Cracking the Talmud, New Curriculum Solves 500-Year Conundrum


Cracking the Talmud, New Curriculum Solves 500-Year Conundrum

by Rebecca Rosenthal - Lubavitch Headquarters

November 8, 2007

Chabad’s new curriculum is on its way to cracking the Talmudic code for yeshiva students and adult learners. This is part three in a Lubavitch.com series on Chabad's new initiatives in education, social and religious outreach to be launched at the International Conference that formally opens today, at Lubavitch Headquarters in NY.

Long the shibboleth separating the serious scholar from the also-rans, the skills needed to decipher a page of Talmud are being arranged into a comprehensive set of step-by-step lessons by a consortium of Chabad representatives, educators and curriculum experts.

Once completed, the curriculum will be the only one of its kind, filling a gap in Jewish education that was discussed as far back as sixteenth century, (namely by Rabbi Judah Loew, the Maharal of Prague). Project director Rabbi Yosef Rosenblum, principal of Yeshiva Schools in Pittsburgh, recalls when the Lubavitcher Rebbe spoke of the need for a systematic approach to building Talmud skills in a talk in 1985.

“Students have said a page of Talmud looks to them like a bunch of black ants crawling on white paper,” said Rabbi Rosenblum. “If we are looking to create independent learners, we have to improve our success rate in teaching this very tough subject in our schools.”

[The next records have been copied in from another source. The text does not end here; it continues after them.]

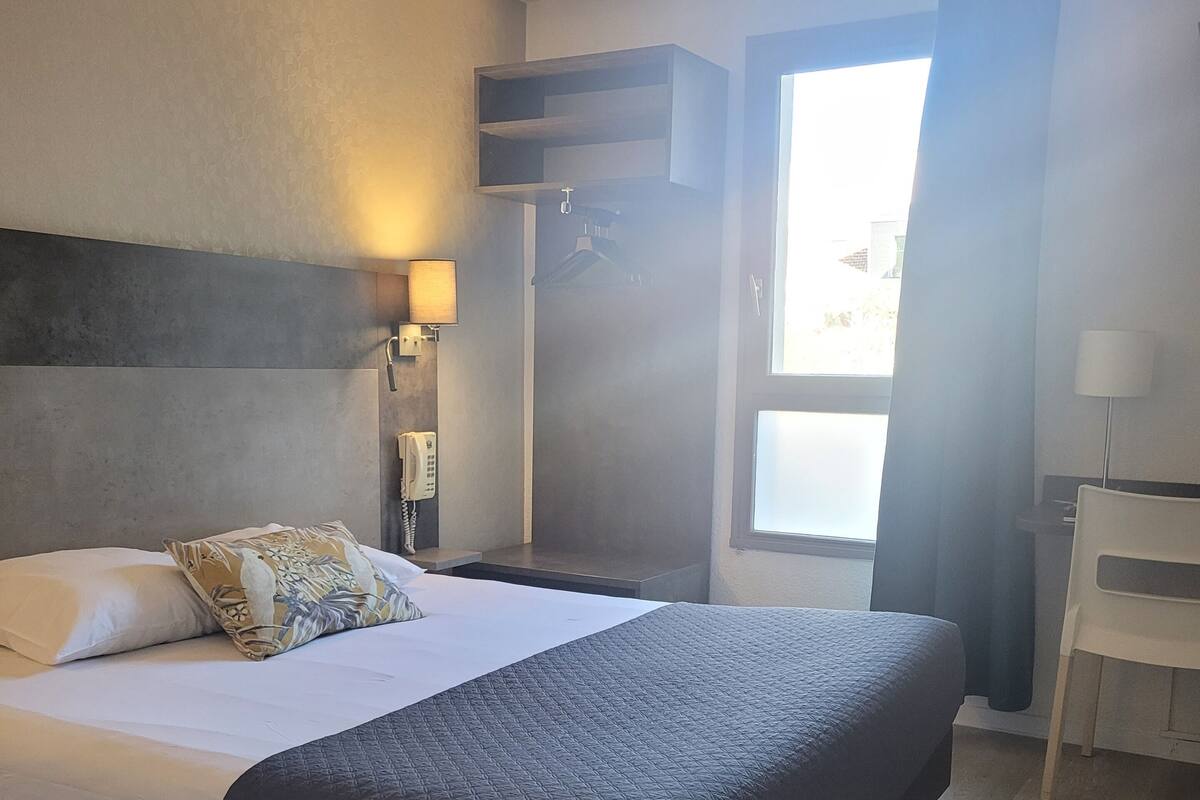 Ein Hotelzimmer mit einem großen Bett, einem Nachttisch mit Lampe, einem Kleiderhaken, einem Sessel und einem Fenster mit Vorhängen.
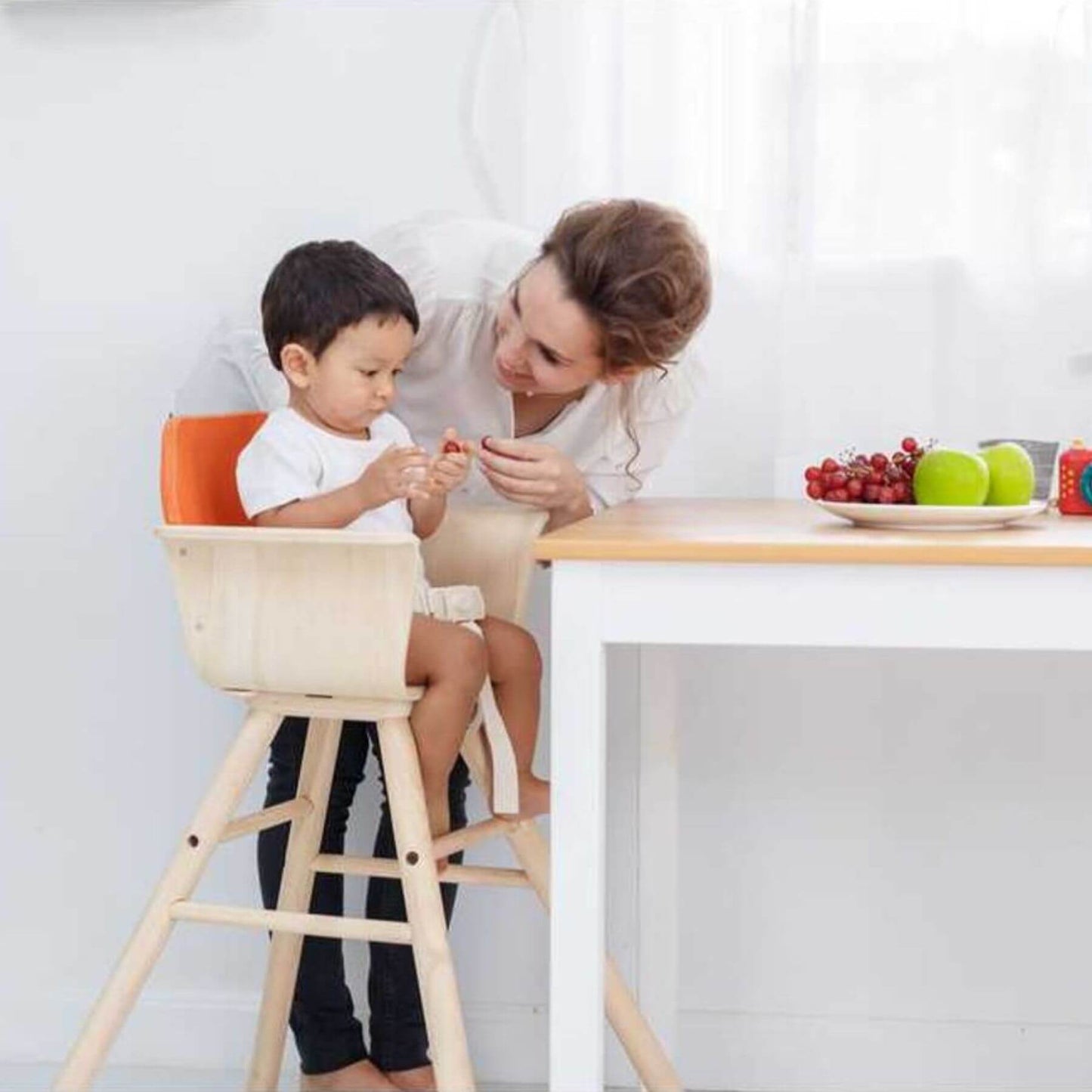 Woman and child sitting on PlanToys High Chair - Orange at a table with a plate of fruits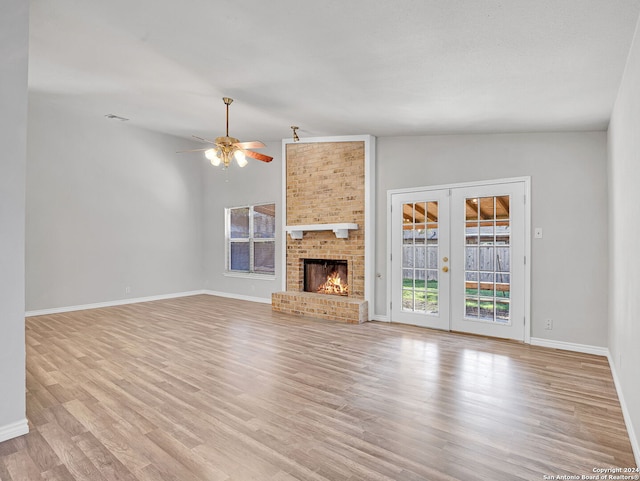 unfurnished living room with french doors, a brick fireplace, ceiling fan, light hardwood / wood-style floors, and lofted ceiling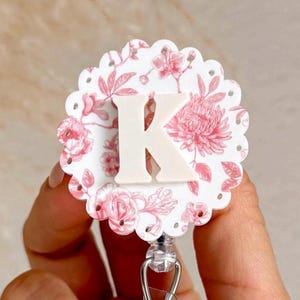 May include: A floral-themed badge reel with a white background and pink flower pattern. The letter "K" is prominently displayed in the center. The reel has a scalloped edge and a clear plastic clip.
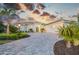 A well-manicured home exterior with a circular drive is enhanced by tropical plants and beautiful Florida sunset at 16419 Kendleshire Ter, Lakewood Ranch, FL 34202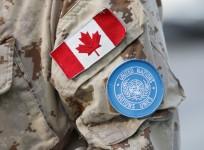 A Canada flag patch and U.N. patch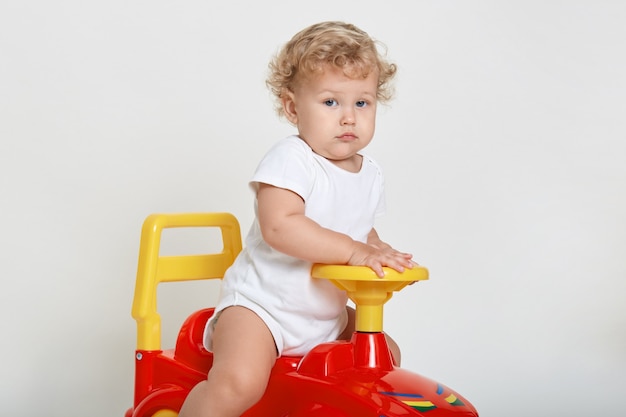 Little blond driver sitting on red tolokar, wearing white bodysuitac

Taking on a monumental task is a team of educational leaders and one exceptional piece of software. Curriculum expert Rabbi Aharon Fried, Ph.D., an associate professor of psychology and education at Stern College for Women, is a leading member of the group. Rabbi Fried took the mystery out of evaluating Hebrew reading ability when he developed the Kriyah Scan, a test of reading used by yeshivas and day schools around the world. Rabbi Meir Fachler and Rabbi Zalman Salamander from Gemara Berura are deeply involved with and supportive of the project. Yeshiva University’s Rabbi Chaim Feurman has been a vocal supporter of the curriculum’s aims.

Chabad’s Gemara curriculum is a scaffold for teaching with “Gemara Berurah,” a popular computer program that slices and dices a page of Talmud into understandable bites, and then shows how they work together to form multiple cogent arguments. Gemara Berurah’s creators have been eager to see the Chabad curriculum realized. On the user end, news of the project has generated much excitement among Jewish educators within and beyond Lubavitch circles, according to Rabbi Rosenblum.

Available funding will determine how quickly the much needed program moves from R&D to the classroom – and beyond. Jewish Learning Institute, Chabad’s wildly successful adult education courses with 250-plus satellite locations, is seeking to tailor the curriculum until it is fit for grown ups. Talmud’s mystique draws in many curious Jews aware of the subject’s reputation as a training ground for analytical thinkers and great legal minds. The completed curriculum will allow adults to savor the Talmud on their own.

At present, the lucky few learning Talmud with some elements of the future curriculum may be found in Yeshiva Schools in Pittsburgh. There 55 fifth through eighth graders sit in classrooms where the future of Judaic studies has arrived early. A flat panel touchscreen monitor has taken the place of the blackboard. During the lesson, a piece of the text beams up on the screen – eliminating the distractions of sloppy handwriting, broken chalk and adding the visual punch that highlighting the Hebrew words’ roots, prefixes and suffixes brings. At least once a week, the students head upstairs to the computer lab to flex their own mouse clicks as they use Gemara Berura to take on pieces of Talmud for themselves.

Success in the form of dawning comprehension brings smiles, approving nods from the class’s rabbi. Little do students know how much their accomplishments will mean to thousands of students just like them – or much older – who have been waiting for this kind of curriculum for nearly five hundred years.